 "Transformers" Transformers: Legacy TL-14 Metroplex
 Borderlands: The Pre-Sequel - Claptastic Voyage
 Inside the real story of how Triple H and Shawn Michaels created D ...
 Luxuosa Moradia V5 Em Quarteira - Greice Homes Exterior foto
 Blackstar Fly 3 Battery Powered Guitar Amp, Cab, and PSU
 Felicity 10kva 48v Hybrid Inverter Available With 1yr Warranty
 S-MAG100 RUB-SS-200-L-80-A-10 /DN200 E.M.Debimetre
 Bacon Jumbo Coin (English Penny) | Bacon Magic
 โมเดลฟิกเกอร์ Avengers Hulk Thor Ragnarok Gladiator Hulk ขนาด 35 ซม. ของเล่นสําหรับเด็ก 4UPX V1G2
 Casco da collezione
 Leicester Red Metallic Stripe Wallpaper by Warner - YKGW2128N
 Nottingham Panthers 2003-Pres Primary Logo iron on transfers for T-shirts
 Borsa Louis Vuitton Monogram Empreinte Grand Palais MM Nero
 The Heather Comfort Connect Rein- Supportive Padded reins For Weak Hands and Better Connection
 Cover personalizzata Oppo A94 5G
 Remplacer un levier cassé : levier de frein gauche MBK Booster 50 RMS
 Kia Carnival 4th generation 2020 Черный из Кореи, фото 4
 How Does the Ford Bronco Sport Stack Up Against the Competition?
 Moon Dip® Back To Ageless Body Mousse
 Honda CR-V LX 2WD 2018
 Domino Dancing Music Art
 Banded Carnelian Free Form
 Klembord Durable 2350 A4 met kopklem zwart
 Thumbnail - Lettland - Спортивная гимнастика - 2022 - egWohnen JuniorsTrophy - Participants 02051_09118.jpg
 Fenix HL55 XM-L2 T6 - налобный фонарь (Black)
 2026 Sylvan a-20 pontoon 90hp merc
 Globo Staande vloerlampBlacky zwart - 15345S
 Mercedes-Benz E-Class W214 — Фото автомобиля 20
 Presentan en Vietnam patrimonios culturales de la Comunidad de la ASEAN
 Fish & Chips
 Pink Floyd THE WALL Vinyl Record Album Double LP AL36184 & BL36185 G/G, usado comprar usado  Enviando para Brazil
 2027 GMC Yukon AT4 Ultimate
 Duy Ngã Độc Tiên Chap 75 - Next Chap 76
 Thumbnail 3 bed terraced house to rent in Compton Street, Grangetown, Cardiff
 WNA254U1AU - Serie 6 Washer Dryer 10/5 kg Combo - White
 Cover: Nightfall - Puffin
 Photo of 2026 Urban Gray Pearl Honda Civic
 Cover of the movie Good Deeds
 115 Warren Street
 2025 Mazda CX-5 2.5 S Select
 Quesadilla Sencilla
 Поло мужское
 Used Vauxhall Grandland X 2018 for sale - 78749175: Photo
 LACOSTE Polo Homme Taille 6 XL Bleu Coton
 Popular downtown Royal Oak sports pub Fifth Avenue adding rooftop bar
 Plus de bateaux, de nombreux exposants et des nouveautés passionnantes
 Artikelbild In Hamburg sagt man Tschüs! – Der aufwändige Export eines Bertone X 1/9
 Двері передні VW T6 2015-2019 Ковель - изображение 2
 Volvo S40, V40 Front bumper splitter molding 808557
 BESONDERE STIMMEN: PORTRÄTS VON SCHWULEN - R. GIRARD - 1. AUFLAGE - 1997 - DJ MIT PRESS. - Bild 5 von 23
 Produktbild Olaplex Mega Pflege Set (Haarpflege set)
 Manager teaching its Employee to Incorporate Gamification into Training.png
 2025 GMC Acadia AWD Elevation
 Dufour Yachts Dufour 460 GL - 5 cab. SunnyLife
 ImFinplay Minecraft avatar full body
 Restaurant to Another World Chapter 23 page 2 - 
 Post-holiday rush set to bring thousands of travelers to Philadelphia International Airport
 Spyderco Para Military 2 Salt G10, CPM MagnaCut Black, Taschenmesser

**Aim of the exercise**. Which lines of the listing contain the string "Street"? Copy every one of them.

**Solved exercise**.
 Thumbnail 3 bed terraced house to rent in Compton Street, Grangetown, Cardiff
 115 Warren Street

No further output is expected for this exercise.